After briefing the matter, the Government confessed error and agreed that Ramirez should be resentenced. The Seventh Circuit, however, concluded that the record did not support a plain error finding and thus affirmed Ramirez’s sentence. Specifically, the Seventh Circuit found Ramirez (1) failed to demonstrate that the presentence investigation report, which stated his Texas convictions appeared to consist of deliberate behavior, was incorrect; and (2) did not argue that the proper documentation would dispute the presentence investigation report. Accordingly, Ramirez failed to meet his burden of proving error.

On August 18, 2011, attorney Erin Griebel filed a § 2255 motion on behalf of Ramirez raising two grounds for relief as follows: (1) ineffective assistance of counsel during the sentencing phase for counsel’s failure to object to Ramirez’s career offender classification; and (2) ineffective assistance of counsel during the appellate phase for counsel’s failure to obtain the appropriate underlying documents from his Texas convictions.
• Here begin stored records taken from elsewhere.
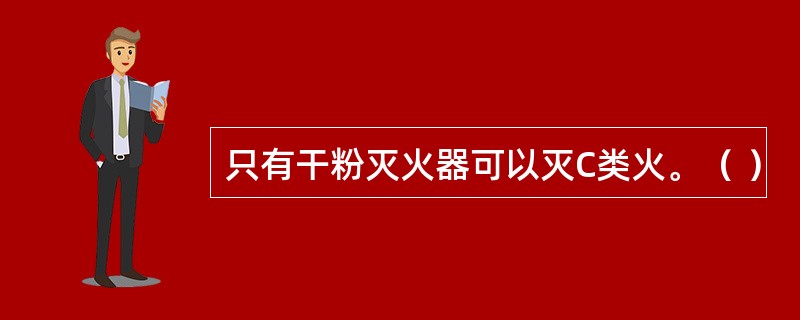 只有干粉灭火器可以灭C类火。（ ）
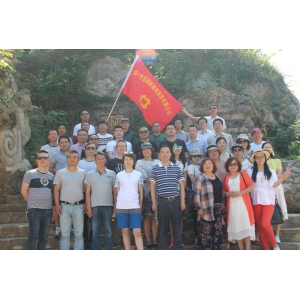 常德路桥集团开展登太阳山活动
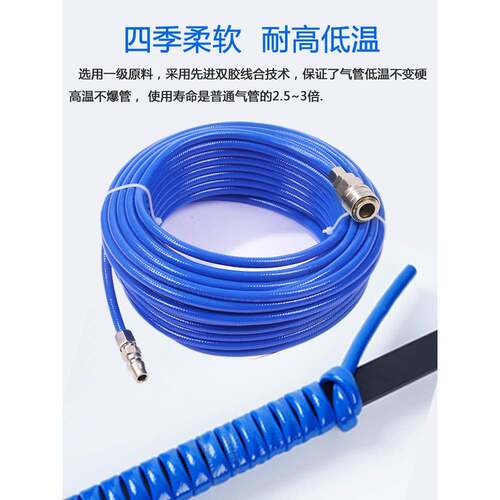 气管软管空压机高压气泵8毫米1012mm防爆风炮钉枪防冻汽管
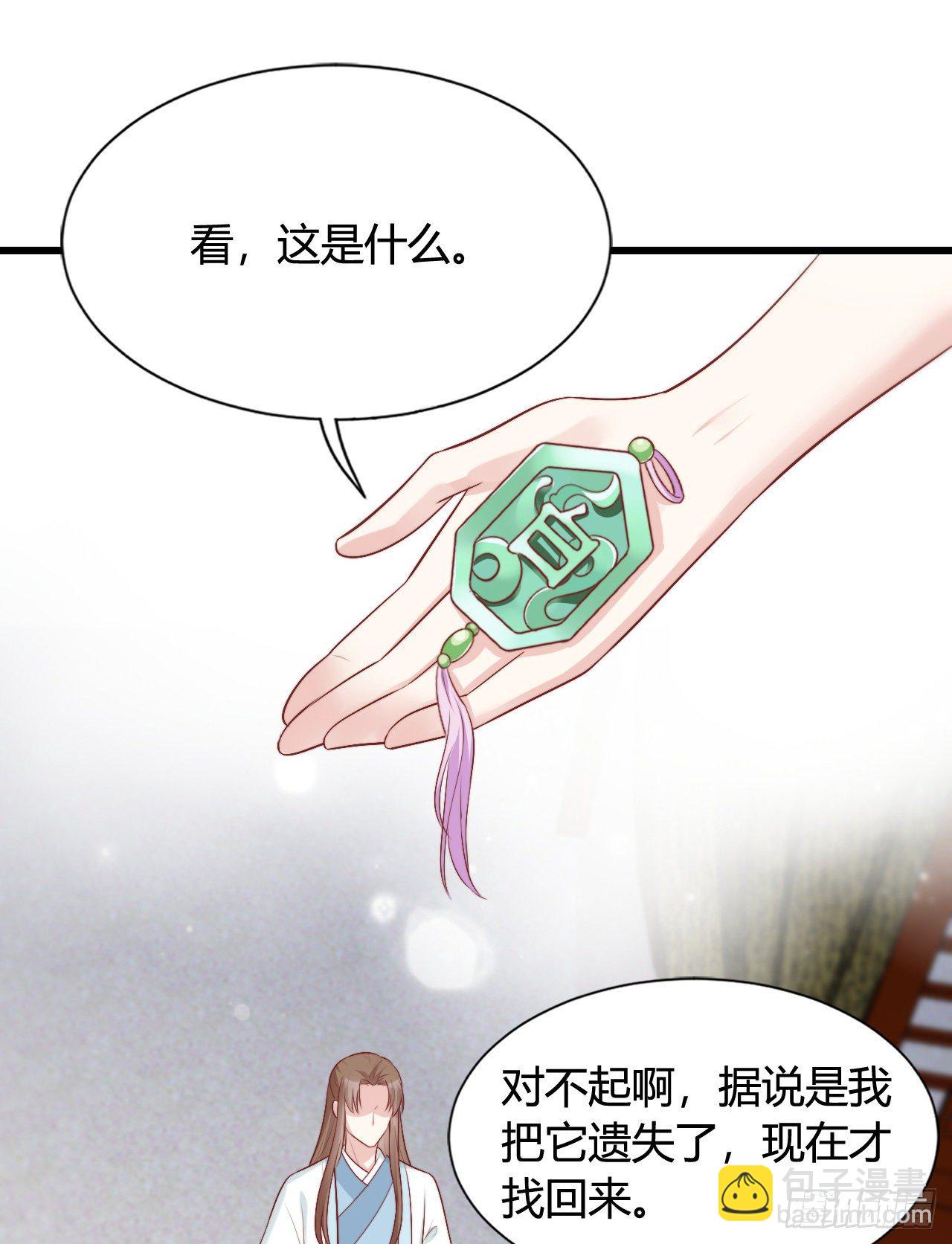 《我在古代养男人》116 你怎么如此熟练？ 第11页
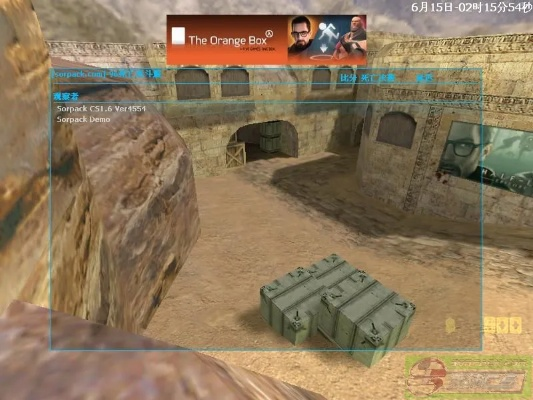 cs 最新版本,实地验证数据应用 特别版_v10.100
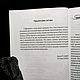 A strategy to combat the loss of faith | John P.. Darley. Vintage books. lakotastore. My Livemaster. Фото №6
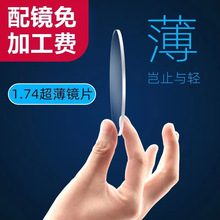 网上配眼镜一副代发非球面防雾高清耐磨近视1.74防蓝光鏡片 配镜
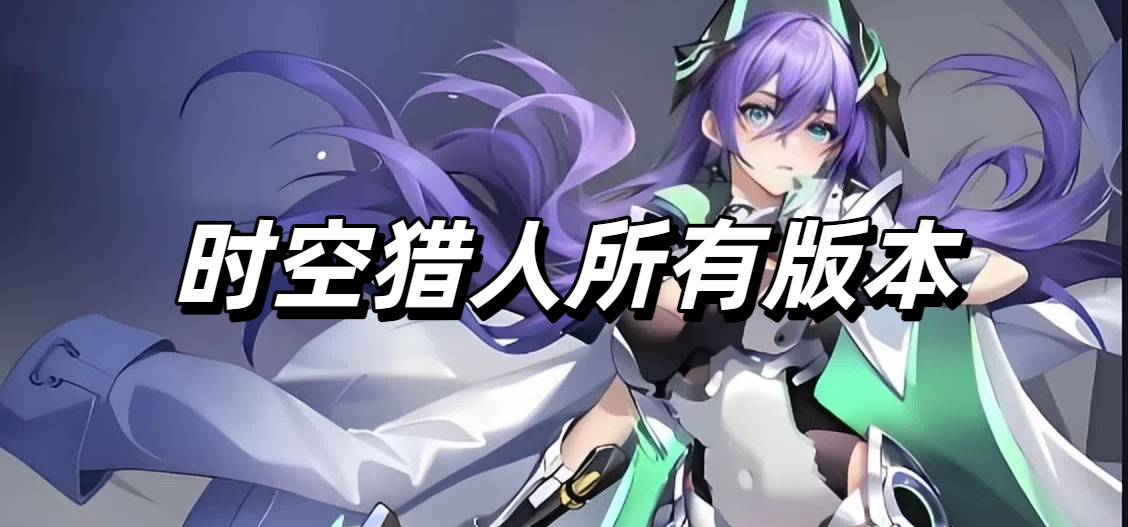 时空猎人所有版本
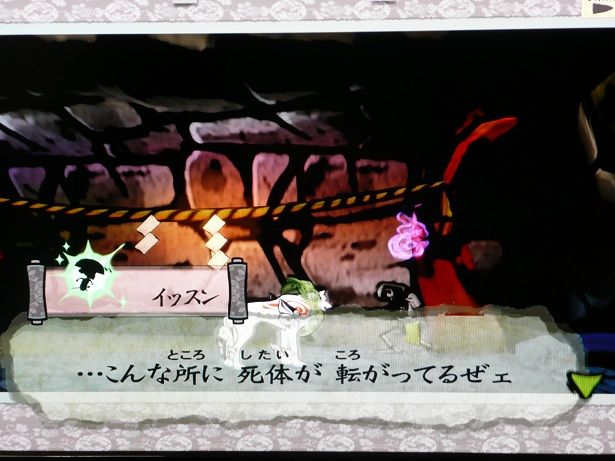大神 絶景版 その8 思うがままに コブクロ Lego ゲーム 旅行とかとか 大神 絶景版 その8 思うがままに コブクロ Lego ゲーム 旅行とかとか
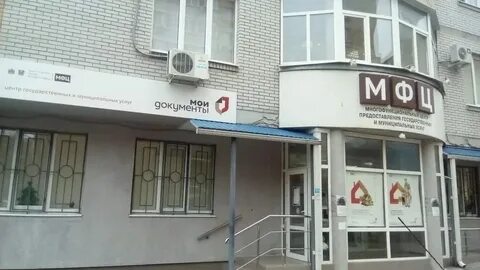 Мфц агора номер телефона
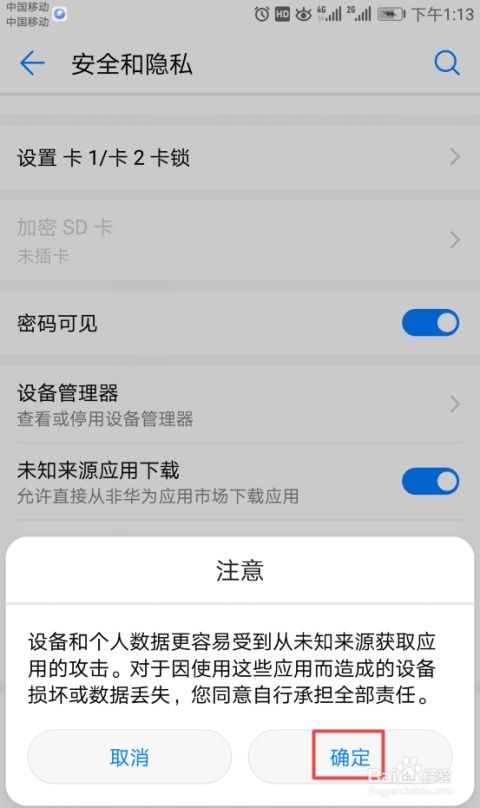 华为电脑无法驱动怎么解决(华为电脑无法驱动解决方案) 华为电脑无法驱动怎么解决(华为电脑无法驱动解决方案)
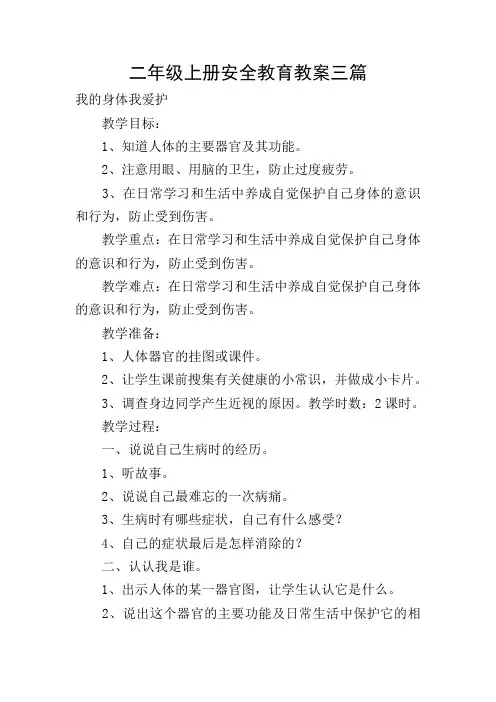 二年级上册安全教育教案三篇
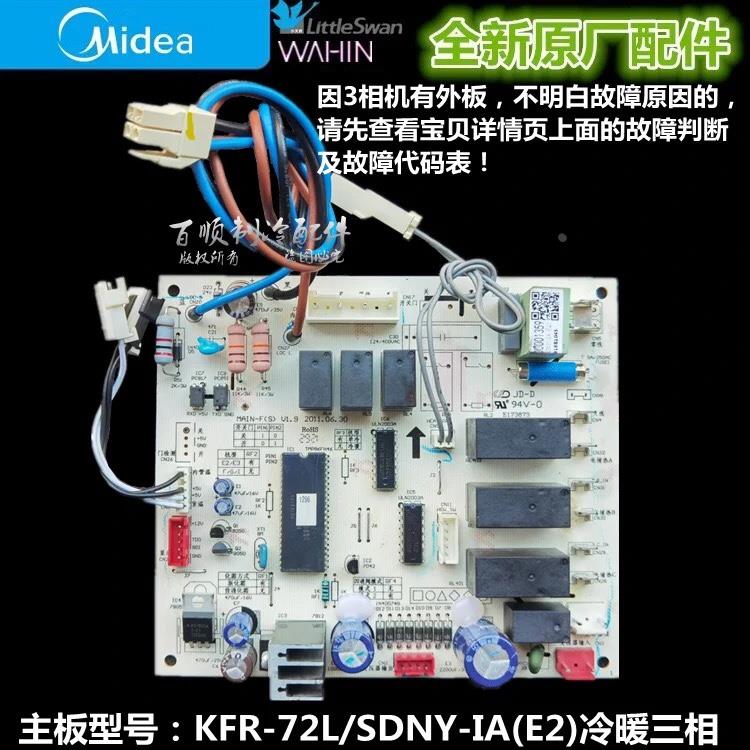 KFR-72L/SDNY-IB(E2)美的空调主板 电脑板KFR-72L/SDNY-IA(E2)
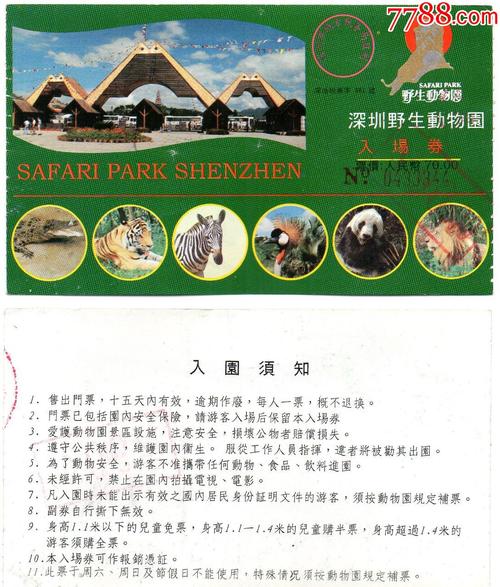 深圳野生动物园儿童票标准?深圳动物园里面的收费项目-图1 深圳野生动物园儿童票标准?深圳动物园里面的收费项目-图1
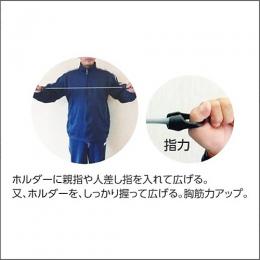 ストレッチチューブ ホルダー付ハード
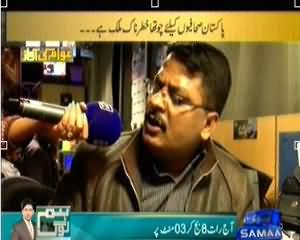 Awam Ki Awaz (Journalists Are the Voice of Public) – 21st February 2014
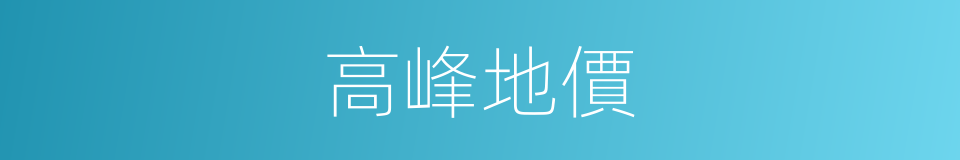 高峰地價的意思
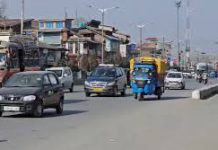 Unseasonal Warmth Hits Srinagar, Temperatures Soar Above February Norms Unseasonal Warmth Hits Srinagar Temperatures Soar Above February Norms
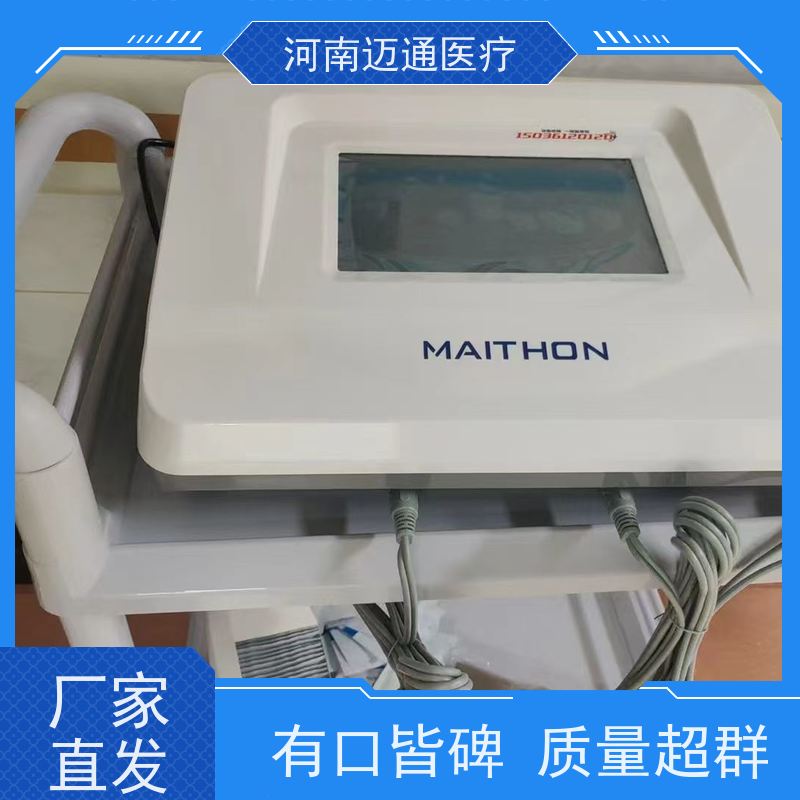 大鲸医疗 中频透药治疗仪 一次性耗材 源头厂家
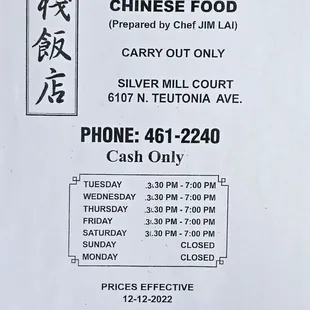 Menu /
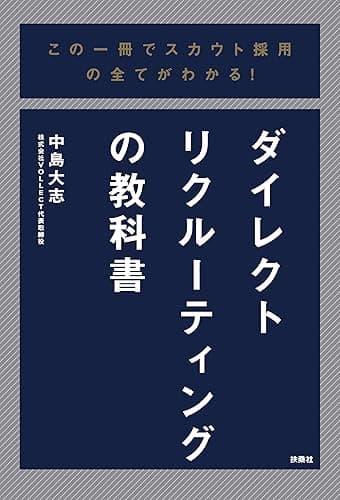 この一冊でスカウト採用の全てがわかる!ダイレクトリクルーティングの教科書 (扶桑社BOOKS)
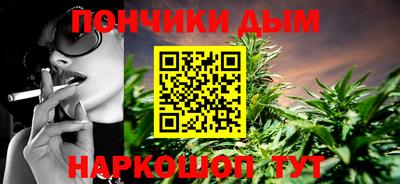 кокс Апшеронск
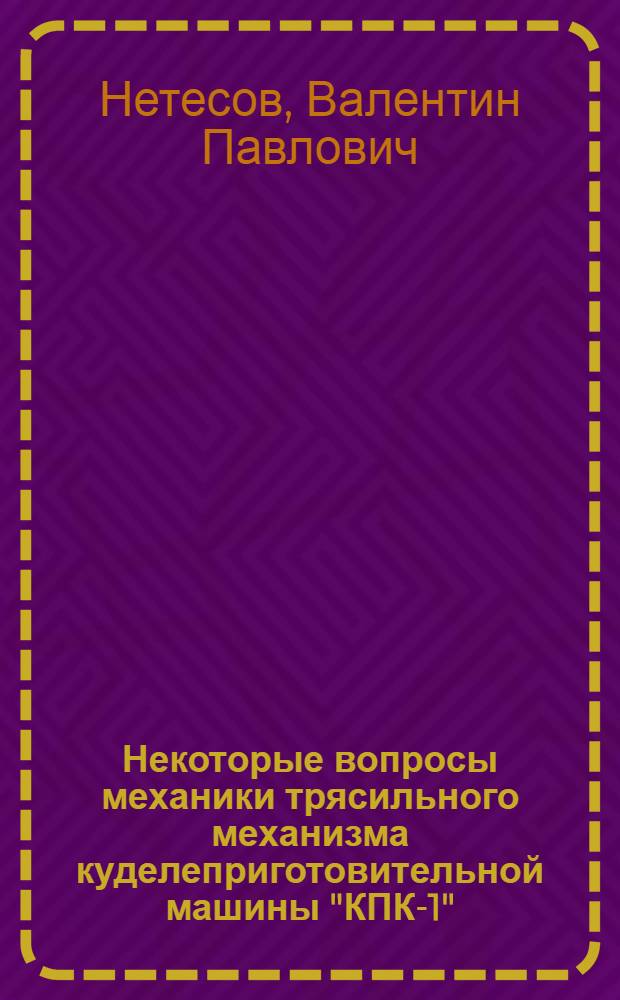 Некоторые вопросы механики трясильного механизма куделеприготовительной машины "КПК-1" : Автореферат дис. на соискание учен. степени кандидата техн. наук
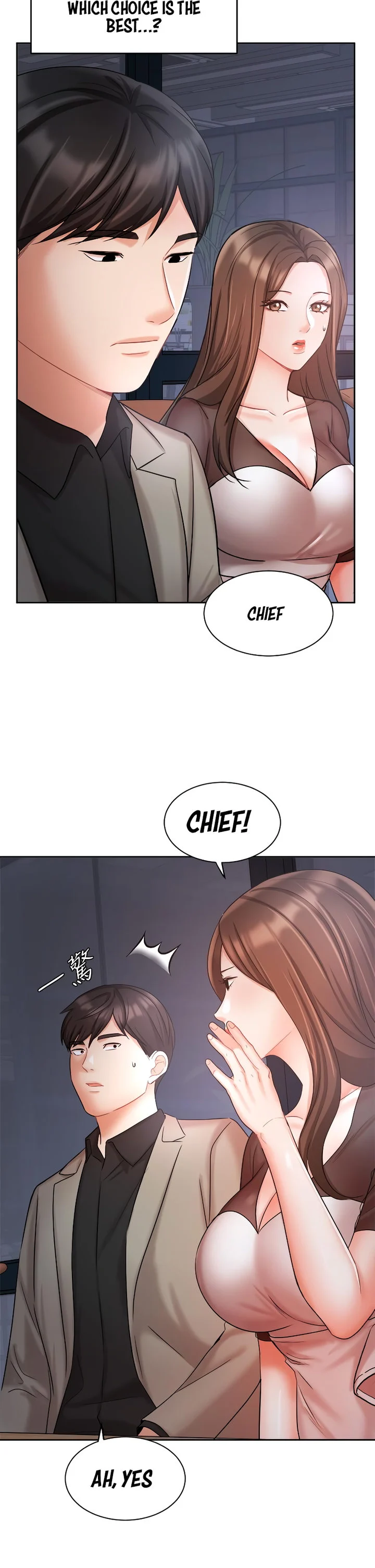 Sold Out Girl chapter 33 page 27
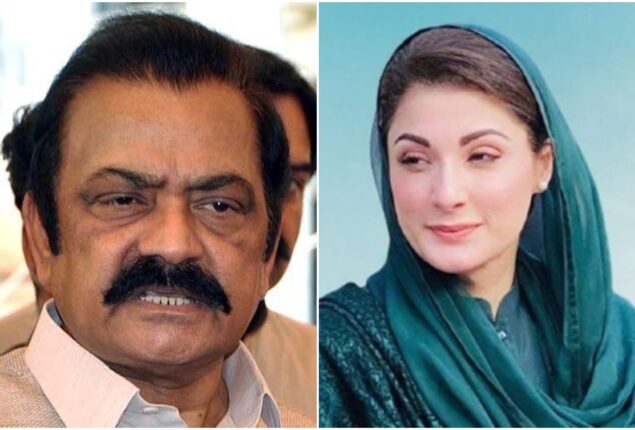 Zaman Park operation: Court summons Maryam Nawaz, Rana Sanaullah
On January 30, 2013, this Court denied Ramirez’s § 2255 motion (Doc. 9) finding that Ramirez failed to establish the prejudice prong of Strickland. Specifically, Ramirez failed to attach the relevant records from his Texas conviction or even allege that the underlying documents would preclude a finding that his Texas conviction was a crime of violence.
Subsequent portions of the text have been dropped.